==== Exercise material
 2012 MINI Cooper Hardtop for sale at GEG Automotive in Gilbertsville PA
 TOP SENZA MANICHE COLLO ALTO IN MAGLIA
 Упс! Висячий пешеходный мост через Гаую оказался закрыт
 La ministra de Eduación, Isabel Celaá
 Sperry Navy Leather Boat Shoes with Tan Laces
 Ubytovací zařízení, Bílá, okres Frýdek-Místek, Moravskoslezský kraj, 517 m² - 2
========
## Task statement
Exactly the lines from the one containing "La ministra de Eduación, Isabel Celaá" through the final line of the records must appear in your reply, and no others.

## Completed exercise
 La ministra de Eduación, Isabel Celaá
 Sperry Navy Leather Boat Shoes with Tan Laces
 Ubytovací zařízení, Bílá, okres Frýdek-Místek, Moravskoslezský kraj, 517 m² - 2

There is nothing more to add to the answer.